> _TASK_
Once the pictures are set aside, transcribe each line of the listing exactly.
═══ PROVIDED RECORDS
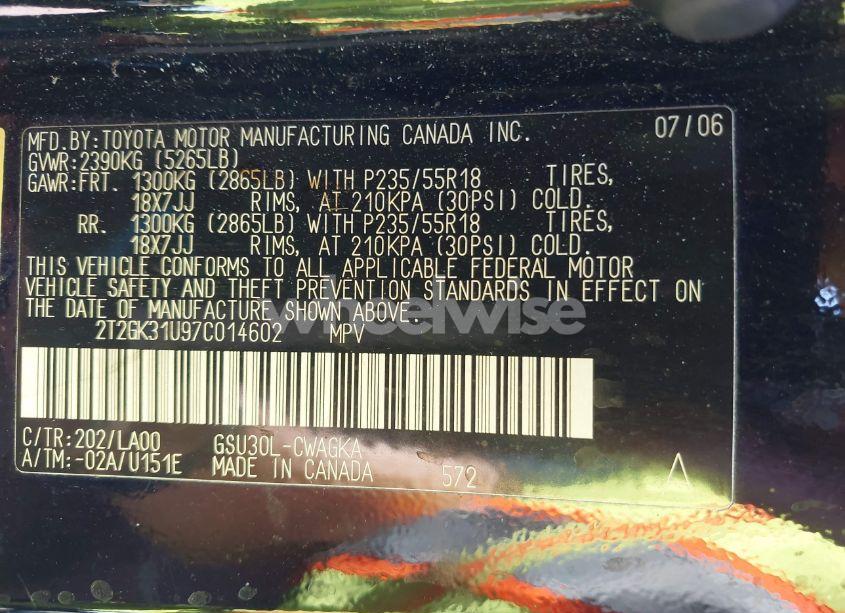 Photo 9 of 2007 Lexus Rx 350 (VIN 2T2GK31U97C014602)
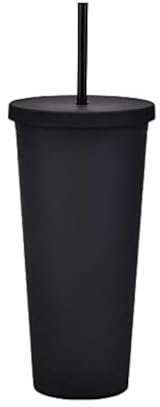 Travel Mug with Straw and Lid, 700ML/24OZ Iced Coffee Mugs, Reusable Large Capacity Double Layer Water Bottle Iced Coffee Cup for Travel Or Hot Drinking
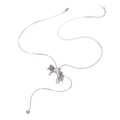 Collana con pendente a cavallo argento con nappe metalliche e catena a serpente - Collana con Pendaglio Cavallo e Nappa Argentata (X743) / Argento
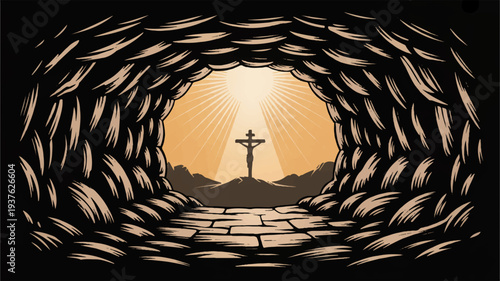 Symbolic tunnel with cross at sunrise representing hope and spirituality on a stone path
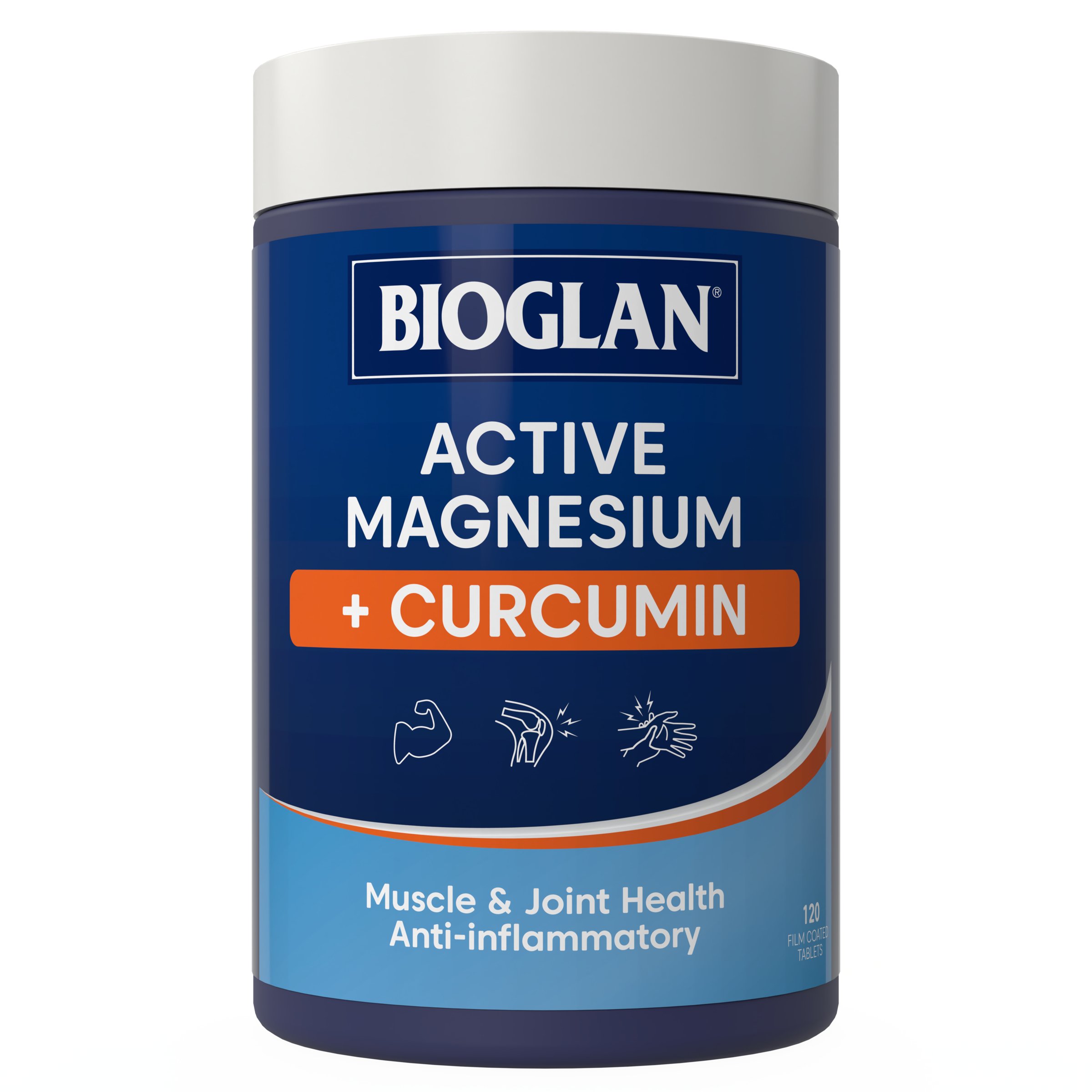 Bioglan Active Magnesium + Curcumin 120 tablets - Image 1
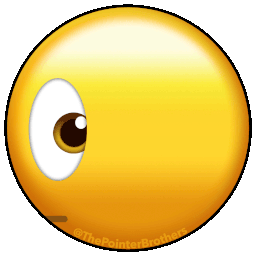 a yellow smiley face with big eyes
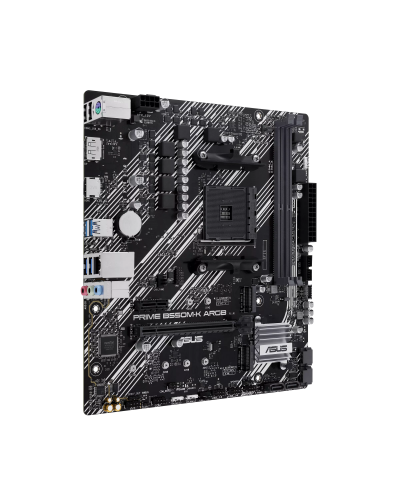 დედა დაფა AMD PRIME B550-K (Ryzen™ AM4) mATX ორმაგი M.2 სლოტით, PCIe 4.0, Realtek 1Gb Ethernet, DisplayPort/HDMI™, SATA 6 Gbps, უკანა USB 3.2 Gen 1 პორტები, წინა USB 3.2 Gen 1 Type-C® და Aura Sync (90MB1GC0-M0EAY0)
══════
> _ANSWER SPACE_
 Photo 9 of 2007 Lexus Rx 350 (VIN 2T2GK31U97C014602)
 Travel Mug with Straw and Lid, 700ML/24OZ Iced Coffee Mugs, Reusable Large Capacity Double Layer Water Bottle Iced Coffee Cup for Travel Or Hot Drinking
 Collana con pendente a cavallo argento con nappe metalliche e catena a serpente - Collana con Pendaglio Cavallo e Nappa Argentata (X743) / Argento
 Symbolic tunnel with cross at sunrise representing hope and spirituality on a stone path
 Bioglan Active Magnesium + Curcumin 120 tablets - Image 1
 a yellow smiley face with big eyes
 დედა დაფა AMD PRIME B550-K (Ryzen™ AM4) mATX ორმაგი M.2 სლოტით, PCIe 4.0, Realtek 1Gb Ethernet, DisplayPort/HDMI™, SATA 6 Gbps, უკანა USB 3.2 Gen 1 პორტები, წინა USB 3.2 Gen 1 Type-C® და Aura Sync (90MB1GC0-M0EAY0)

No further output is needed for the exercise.